In de jaren dertig van de negentiende eeuw bestond in Schoten nog een ander schoolinitiatief dat geleid werd door Frans J. Mannekens, broer van de onderwijzer-koster. Zoals elders was het de bedoeling een ‘franschvlaemsch pensionnaat’ in te richten. Goetschalckx meldt blijkbaar met enig leedvermaak dat ‘veel bijval nochtans, schijnt het, genoot die tweede school niet, daar het hoogst getal inwonende leerlingen welke zij bezat, slechts zes en dat der uitwonende, in den zomer, maar 11 en, in den winter, 15 beliep. Ook bestond zij betrekkelijk korten tijd, namelijk tot in 1840, wanneer haar bestuurder secretaris werd der gemeente.

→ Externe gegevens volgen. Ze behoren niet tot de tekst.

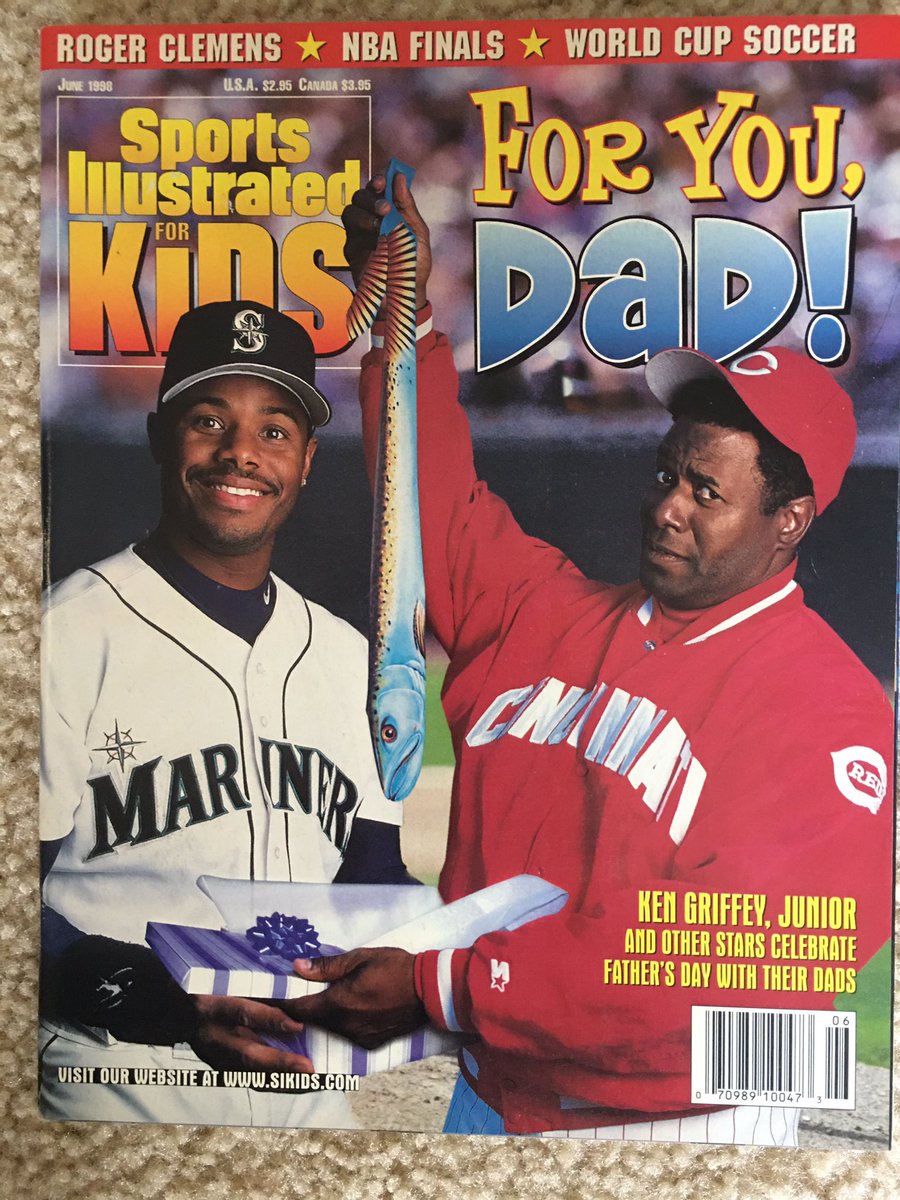 Griffeyti's tweet image. In #2020NewYear I will be posting my Ken #Griffey, Jr. periodical collection in chronological order. This could take awhile. All pictures are from my personal collection. #Mariners #Reds #WhiteSox #Phillies #MLB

De Vlaamse cultuurfilosoof Mark Heirman schrijft: ” In de 19de eeuw was de wereld rijp voor een nooit geziene uitbreiding van het onderwijsbestel. Gesuggereerd door de filosofen van de Verlichting opdat het ‘licht van de wetenschap de hele wereld zou verlichten’, op gang getrokken en mogelijk gemaakt door de Industriële Revolutie en afgedwongen door de sociale en politieke revoluties van de moderne tijd, heeft de stille onderwijsrevolutie allicht nog de grootste invloed gehad op het wel en wee van de 20ste eeuw. “ [4]

lees verder


[1] C. Bruneel, 1989, p.131.

[2] C. Bruneel, 1989, pp. 43-44.

[3] http://www .canalacademie .com/La-noblesse-d-Empire-5-7.html

[4] M. Heirman, 2006, p. 100.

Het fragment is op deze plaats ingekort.